A David Grubin film documentary has tackled this material with the advantage that film captures the accurate images and of course allows the principals to be played by themselves. To manage the huge cast of characters (there are over 40 principal roles) a company of 26 actors must often play 2 or 3 of them in addition to playing ensemble roles when needed for crowd scenes. At times it leads to confusion.
Matt DeCaro, Brett Mack, A.K. Murtadha, Mikael Kinsey, Denise Cormier, and others all play with great conviction. Director Nicole A. Watson has based her work on the staging of Bill Rauch when the play was first performed five years ago and it moves with constant smoothness as stagehands as well as actors scurry about moving couches, tables, sound, and lighting equipment throughout the many short scenes that fill the play’s three acts.

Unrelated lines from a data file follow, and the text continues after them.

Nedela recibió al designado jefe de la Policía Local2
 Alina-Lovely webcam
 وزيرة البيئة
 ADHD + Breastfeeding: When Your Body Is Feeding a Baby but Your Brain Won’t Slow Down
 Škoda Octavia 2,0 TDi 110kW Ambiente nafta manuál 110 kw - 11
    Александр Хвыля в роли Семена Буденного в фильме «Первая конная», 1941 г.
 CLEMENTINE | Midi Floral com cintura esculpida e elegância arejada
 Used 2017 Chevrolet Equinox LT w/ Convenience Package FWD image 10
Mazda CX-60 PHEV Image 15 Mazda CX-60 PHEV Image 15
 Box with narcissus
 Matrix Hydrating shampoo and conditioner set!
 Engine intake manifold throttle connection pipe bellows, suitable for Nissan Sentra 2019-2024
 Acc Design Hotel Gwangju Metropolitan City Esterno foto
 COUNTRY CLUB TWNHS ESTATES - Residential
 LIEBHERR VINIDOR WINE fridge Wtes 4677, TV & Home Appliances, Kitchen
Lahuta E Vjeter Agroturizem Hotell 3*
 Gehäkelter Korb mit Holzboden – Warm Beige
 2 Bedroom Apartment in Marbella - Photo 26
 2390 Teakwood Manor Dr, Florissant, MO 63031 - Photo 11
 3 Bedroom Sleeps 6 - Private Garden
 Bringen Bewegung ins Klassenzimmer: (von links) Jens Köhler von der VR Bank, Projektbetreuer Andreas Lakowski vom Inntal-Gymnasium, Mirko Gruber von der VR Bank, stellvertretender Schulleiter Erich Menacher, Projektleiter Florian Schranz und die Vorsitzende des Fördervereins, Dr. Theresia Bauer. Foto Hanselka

The parallels between then and now in the political arena are vividly in evidence. With no disrespect intended to this well intentioned effort, an attempt to “tell it all” is overly ambitious. Again and again as I watched this fervent lecture on what Mr. Johnson tried to accomplish I was reminded that there just wasn’t time or space to tell it all, so what emerged was crowded and rushed. Mr. Johnson himself shared his vision with students at Ohio University in May of 1964. He told them his Great Society is:
where no child will go unfed, no youngster will go unschooled, no man who wants work will fail to find it, where no citizen will be barred from any door because of his birthplace or his color or his church, where peace and security is common among neighbors and possible among nations.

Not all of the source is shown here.